6 May, 2011
Story by: Vivian Yue
Photo by: Fiona Lyne
In a world where much emphasis is placed on corporations, the markets and transactions, issues of legal ethics beyond the buck are often neglected. Professor Kevin Lindgren QC shared his thoughts on the ‘Ethical Underpinnings of Business Law’ at a recent UTS Law and Justice lecture.
Eminent in Equity and Commercial Law, the former Federal Court Judge, Professor Lindgren, began by discussing some basic doctrines of the law of contract, and examined the ethical choices that some of those doctrines raise.
“An impresario offers $100,000 to the first person who suspends a high wire between two buildings and walks across it. A professional high wire artist sets up and begins to walk. Three quarters of the way across , the impresario, who has sold tickets to the event and is selling souvenirs and takeaway food at a great rate below, calls out ‘offer withdrawn’. The walker hears this. There is no contract because the act required to accept the offer was not done---walking right across. Yet we feel that there is an ethical question in there” says Professor Lindgren.

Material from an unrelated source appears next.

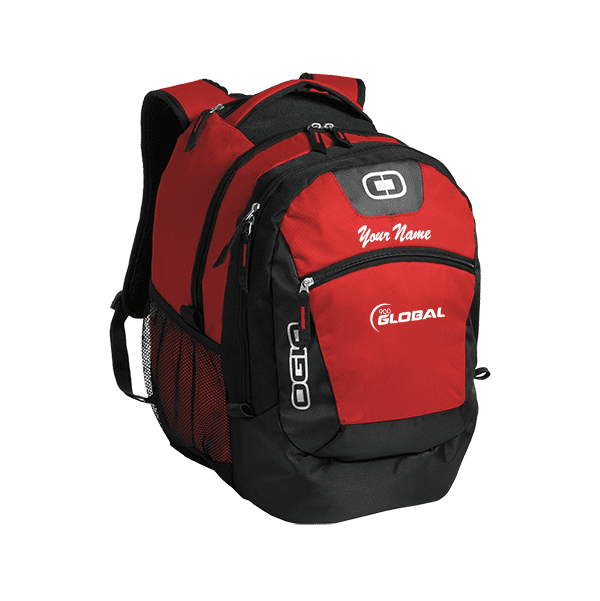 OGIO Rogue 900 Global Bowling Backpack Red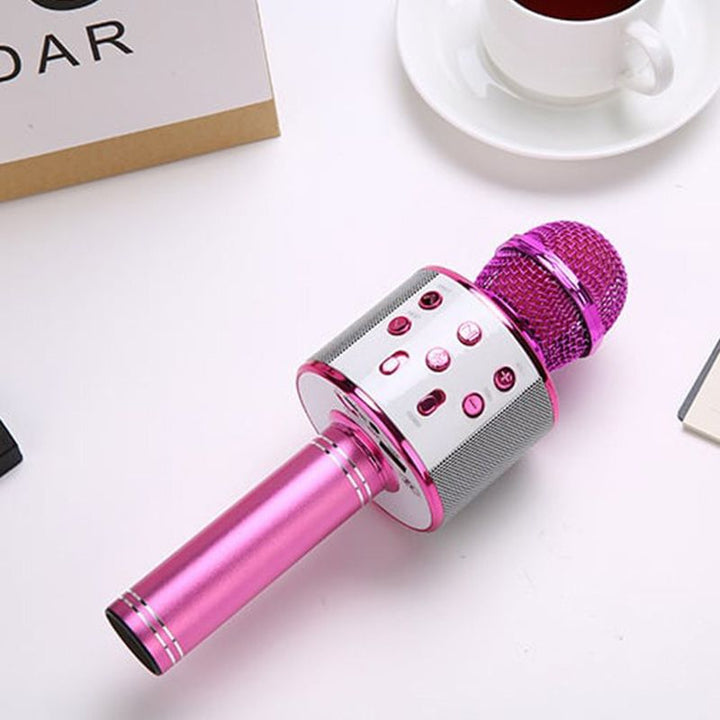 Sjunga Var Som Helst: Den ultimata trådlösa karaoke-mikrofonen!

Brennan Leadership Program organiser and Sir Gerard Brennan Professor, Paul Redmond, says the seminar was a thoughtful exposition of ethical questions underlying the law of contract and contract-related doctrines. He was enthused by the large student turn out, and says, “The Moot Court in which the lecture was given was absolutely packed - no spare seats and a good number of people stood or sat in the aisles.”
Redmond says the lecture was invaluable for law students in their legal development. No doubt, the talk stimulated much discussion amongst UTS:Law alumni and current students.
“It makes no difference that the walker continues all the way across after hearing the revocation of the offer. The impresario is not contractually bound to pay the $100,000” said Professor Lindgren, “because the fact is that the offer was withdrawn before it was accepted. Is that a just result? Did the impresario behave ethically? Should the law provide a remedy or take the stance that the high wire walker has only himself to blame for not having negotiated a contract that prevented revocation by the impresario once the act of acceptance had commenced?”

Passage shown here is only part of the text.